##### DATA FOR THE TASK #####

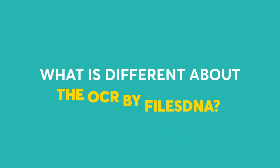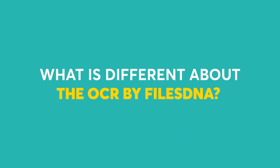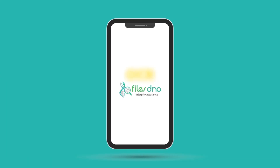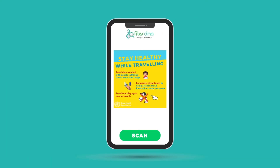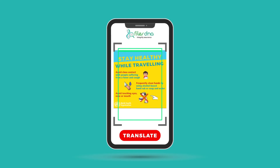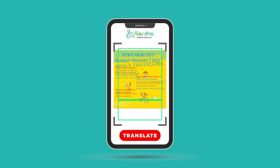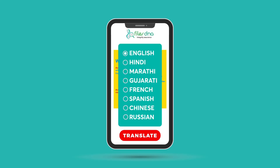What is different about the OCR by FilesDNA? There is something we serve differently in the mobile app of our OCR. The Optical Character Reader recognizes the encoded text inside images and scanned documents. The application identifies all the languages and translates the text in the language you want.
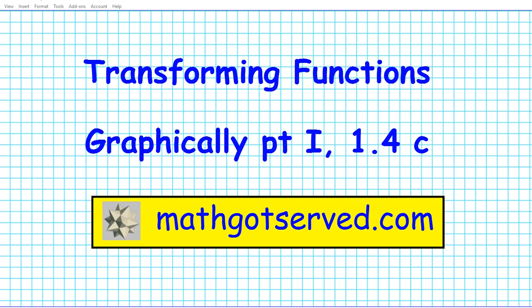Good day students, welcome to mathgotserved.com. In this clip we're going to be going over how to transform functions graphically.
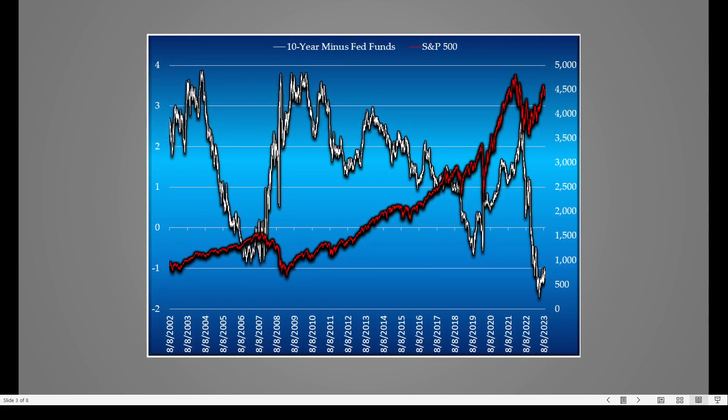What we see here: the white line is the 10-year minus Fed funds indicator, and the red line is the S&P 500. Very simply, it's the 10-year U.S. Treasury yield percentage minus the federal funds rate. So the 10-year treasury right now is around 4.2%, and the Fed funds is 5.5%. That gives us a negative number — 4.2 minus 5.5 gives us a little bit over negative one, around negative 1.3.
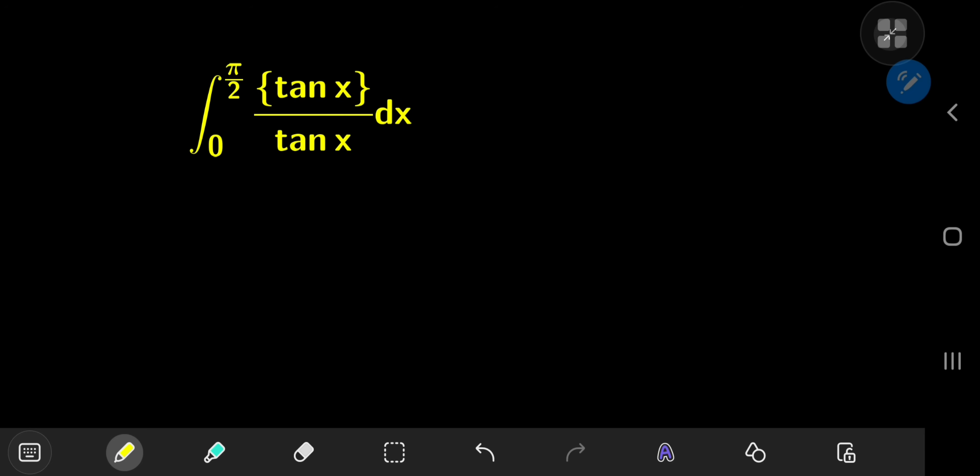Today we have a really interesting trigonometric integral. It's the integral from 0 to pi/2 of the fractional part of tangent x, divided by tangent x, dx. The curly braces denote the fractional part function, which returns the fractional part of the real number you plug in.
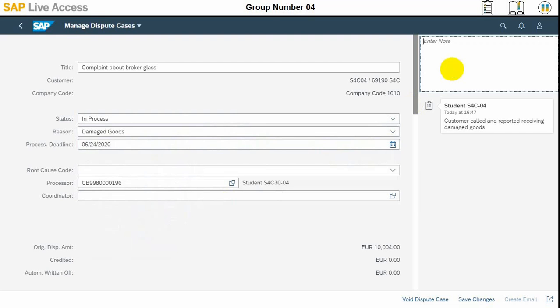We will note something about whether this dispute is justified or not. For every status change, you can enter a note. Then we need to select the save option at the bottom of the screen, and that's it.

#####

* **YOUR TASK**
Only text belongs in the copy: repeat each line of the data exactly and leave out the pictures.

* **SOLUTION FOR THIS EXERCISE**
What is different about the OCR by FilesDNA? There is something we serve differently in the mobile app of our OCR. The Optical Character Reader recognizes the encoded text inside images and scanned documents. The application identifies all the languages and translates the text in the language you want.
Good day students, welcome to mathgotserved.com. In this clip we're going to be going over how to transform functions graphically.
What we see here: the white line is the 10-year minus Fed funds indicator, and the red line is the S&P 500. Very simply, it's the 10-year U.S. Treasury yield percentage minus the federal funds rate. So the 10-year treasury right now is around 4.2%, and the Fed funds is 5.5%. That gives us a negative number — 4.2 minus 5.5 gives us a little bit over negative one, around negative 1.3.
Today we have a really interesting trigonometric integral. It's the integral from 0 to pi/2 of the fractional part of tangent x, divided by tangent x, dx. The curly braces denote the fractional part function, which returns the fractional part of the real number you plug in.
We will note something about whether this dispute is justified or not. For every status change, you can enter a note. Then we need to select the save option at the bottom of the screen, and that's it.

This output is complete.